HookRace Blog     Posts     Feed     DDNet     Me     Switch Theme

Writing an Async Logger in Nim

Surprisingly I’m working on HookRace again. I might share a few interesting code snippets and thoughts in this blog along the way. I’m still going with Nim as the programming language.

For an easy start let’s write a logging module that can be used everywhere in the game’s server as well as client. There are mostly three aspects that I care about:

Follow along if you want to witness how fun it is to write code in Nim!

Motivation

A few logger implementations for Nim already exist:

We could adapt the logging or omnilog modules to our requirements, mainly by adding async writing. For now let’s write our own simple logging module from scratch instead. If it turns out to be usable after a few iterations one might merge it with an existing module. Also, this post would be rather boring if I just ended up using an existing logger.

Implementation

Let’s start with the simplest logger possible:

proc log*(text: string) =
  echo text

log "Hello World!"

We have a procedure log that is exported (*). It takes a value text of type string and prints this text to the standard output. Super simple and can be used like this from another file (or the same one):

import logger
log "Hello World!"

This simply prints Hello World to the terminal for now when we execute it. We want to keep using the logger in this exact format.

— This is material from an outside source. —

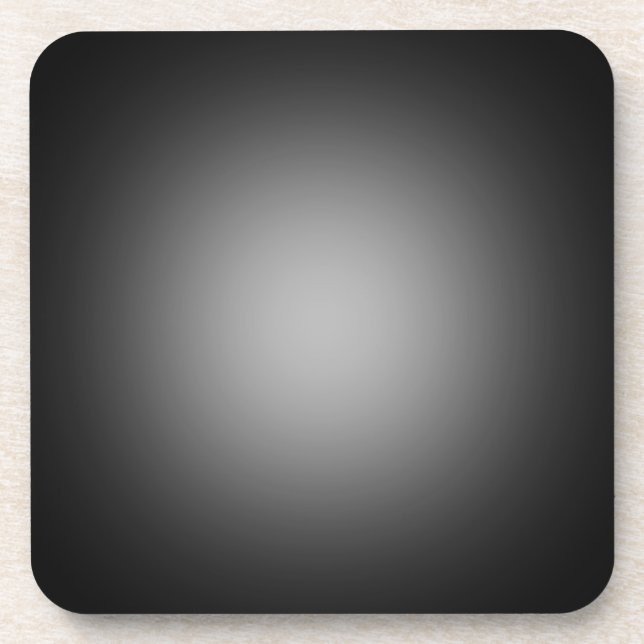 White spotlight on black coaster (Front)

Next step: Add a fancy logging format:

import strutils, times

proc log*(text: string) =
  echo "[$# $#]: $#" % [getDateStr(), getClockStr(), text]

This uses the strutils and times modules from Nim’s standard library. The % operator formats the string "[$# $#]: $#" with a date, clock and our text into [2016-01-28 20:04:43]: Hello World!

It would also be nice if we could see which module is actually invoking the logger. The instantiationInfo proc can be used to retrieve the filename and line of a template instatiation at compile time. So let’s make our logger a template, this also improves performance because we don’t even need a function call at runtime anymore:

template log*(text: string) =
  const module = instantiationInfo().filename
  echo "[$# $#][$#]: $#" % [getDateStr(), getClockStr(),
    module, text]

We end up with this output:

[2016-01-28 20:14:04][example.nim]: Hello World!

Let’s get rid of the .nim at the end:

  const module = instantiationInfo().filename[0 .. ^5]

[0 .. ^5] gives us the part of the string from position 0 (from the start) to position 5 from the end. New output:

[2016-01-28 20:14:04][example]: Hello World!

Perfect! We’ll keep this exact output format.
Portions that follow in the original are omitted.